● About this task
Copy nothing but the lines below, from the one with "Desert Moon Postcard" through the one with "Wali Kota Padang", exactly as written; no pictures should appear.

● Record extracts
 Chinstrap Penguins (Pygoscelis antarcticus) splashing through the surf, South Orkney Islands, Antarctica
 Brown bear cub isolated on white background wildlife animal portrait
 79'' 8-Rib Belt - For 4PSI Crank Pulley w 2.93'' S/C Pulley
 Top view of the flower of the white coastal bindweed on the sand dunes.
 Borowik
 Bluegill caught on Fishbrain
* * *
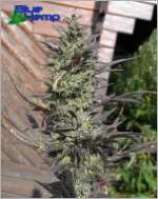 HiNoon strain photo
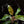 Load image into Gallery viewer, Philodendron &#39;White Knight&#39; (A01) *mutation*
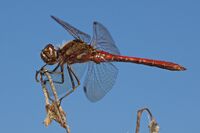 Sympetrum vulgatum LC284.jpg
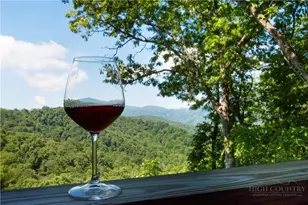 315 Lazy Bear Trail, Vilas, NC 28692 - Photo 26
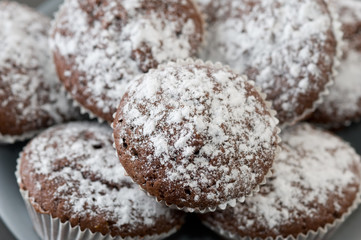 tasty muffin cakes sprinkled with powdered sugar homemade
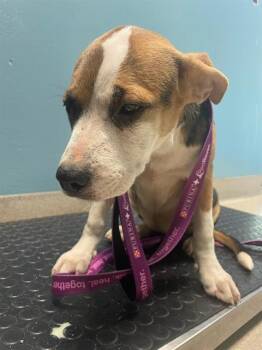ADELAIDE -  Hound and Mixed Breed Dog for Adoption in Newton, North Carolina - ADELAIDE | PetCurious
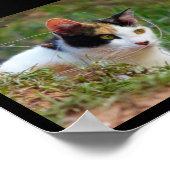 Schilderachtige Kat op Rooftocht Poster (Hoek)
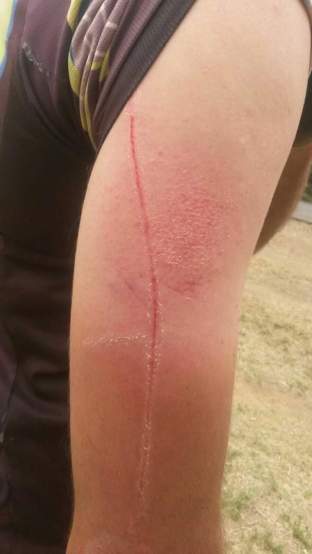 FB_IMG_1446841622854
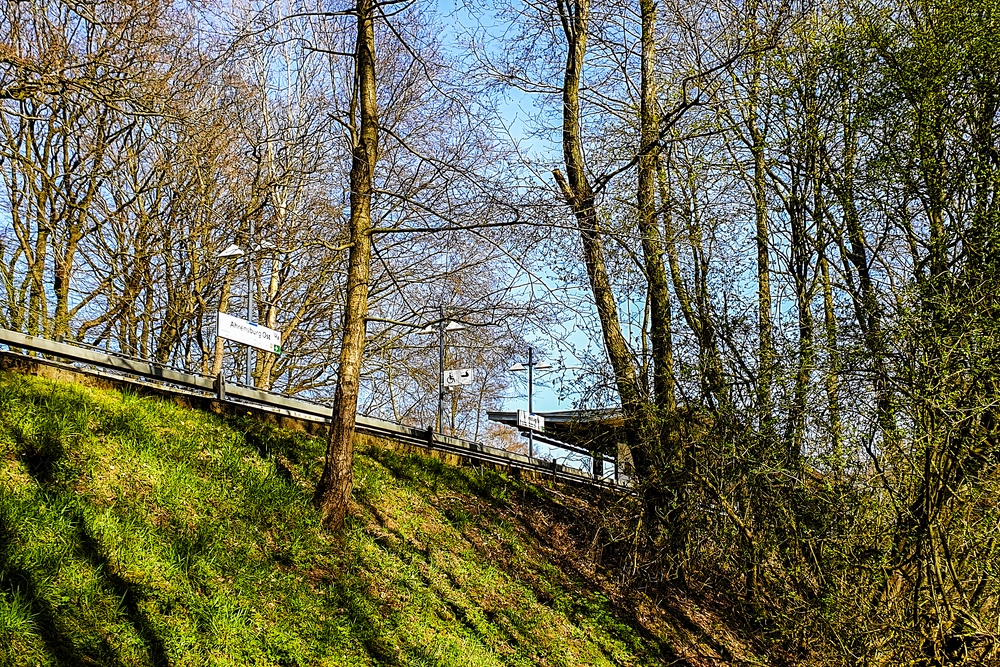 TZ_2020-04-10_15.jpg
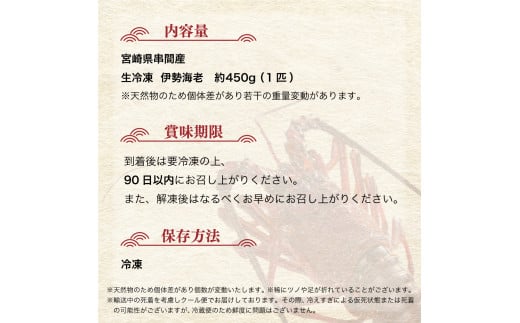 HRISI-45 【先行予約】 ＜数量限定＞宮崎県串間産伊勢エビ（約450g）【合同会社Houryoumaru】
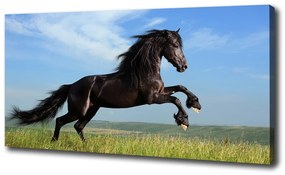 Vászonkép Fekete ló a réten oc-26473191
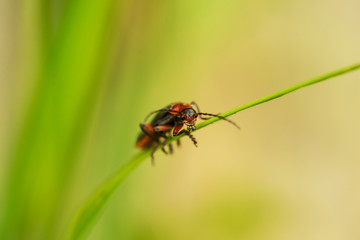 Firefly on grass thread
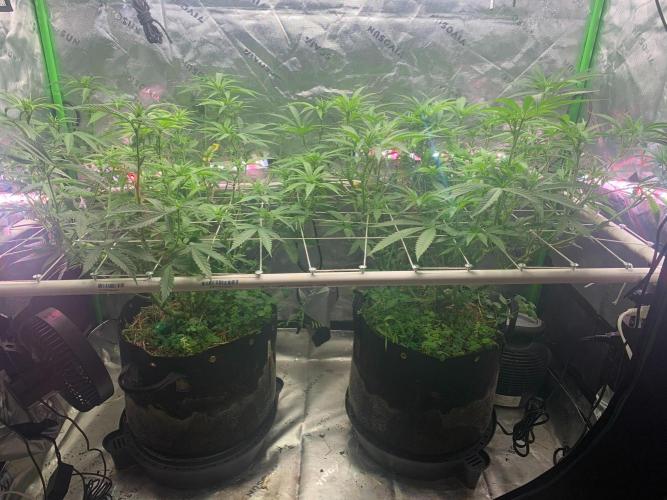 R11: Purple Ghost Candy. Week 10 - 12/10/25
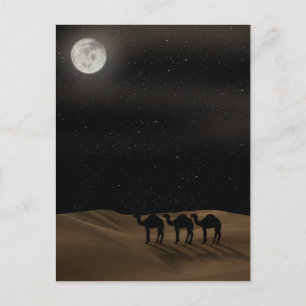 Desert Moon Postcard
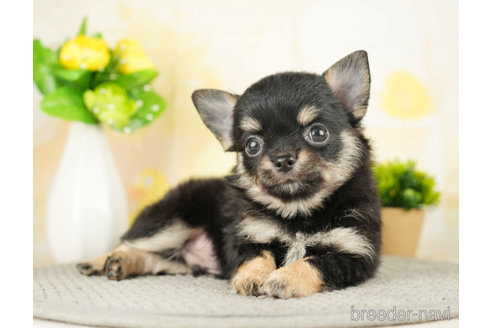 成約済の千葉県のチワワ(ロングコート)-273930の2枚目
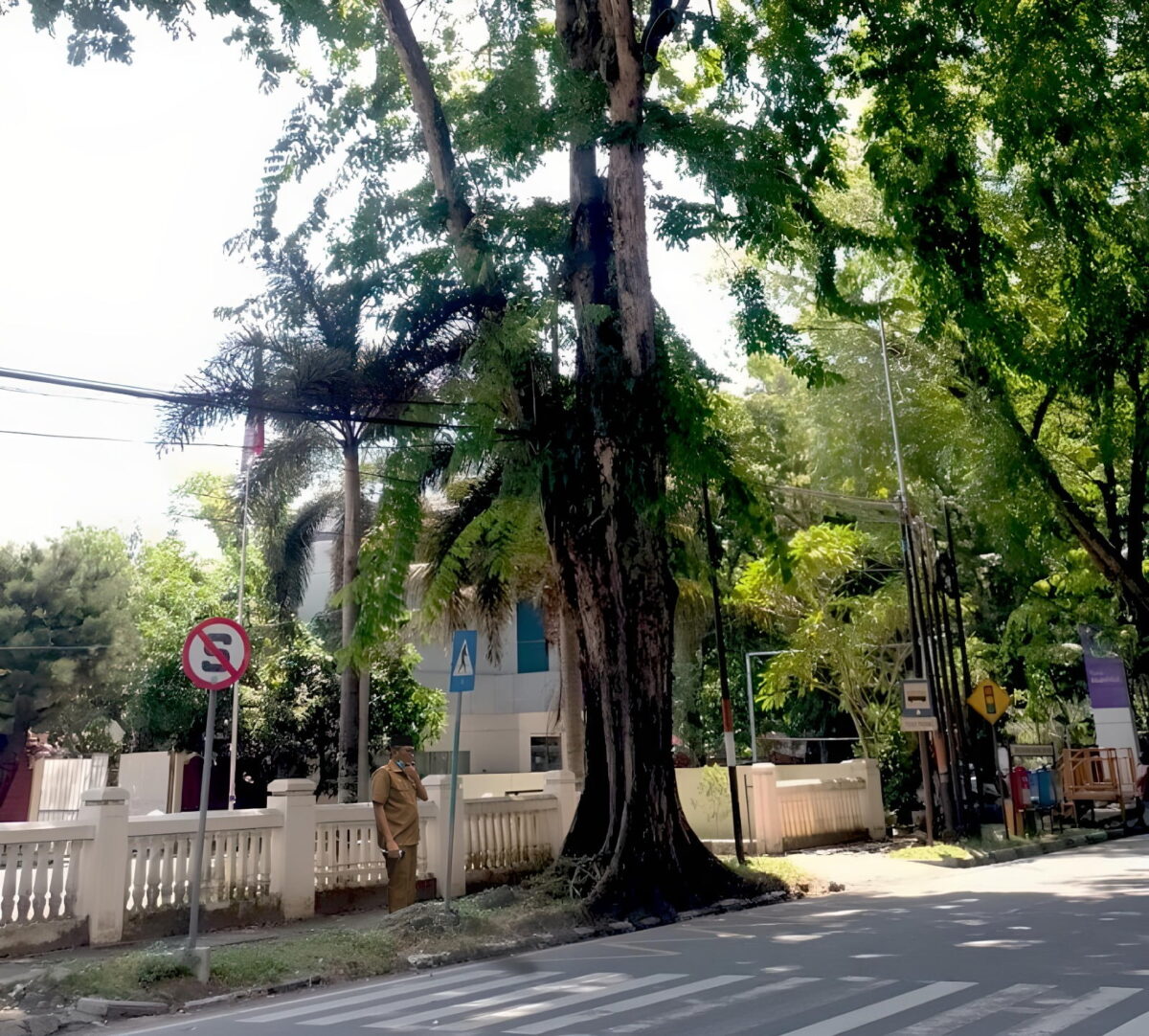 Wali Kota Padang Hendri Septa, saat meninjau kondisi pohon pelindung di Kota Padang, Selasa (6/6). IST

● Exercise solution
 Desert Moon Postcard
 成約済の千葉県のチワワ(ロングコート)-273930の2枚目
 Wali Kota Padang Hendri Septa, saat meninjau kondisi pohon pelindung di Kota Padang, Selasa (6/6). IST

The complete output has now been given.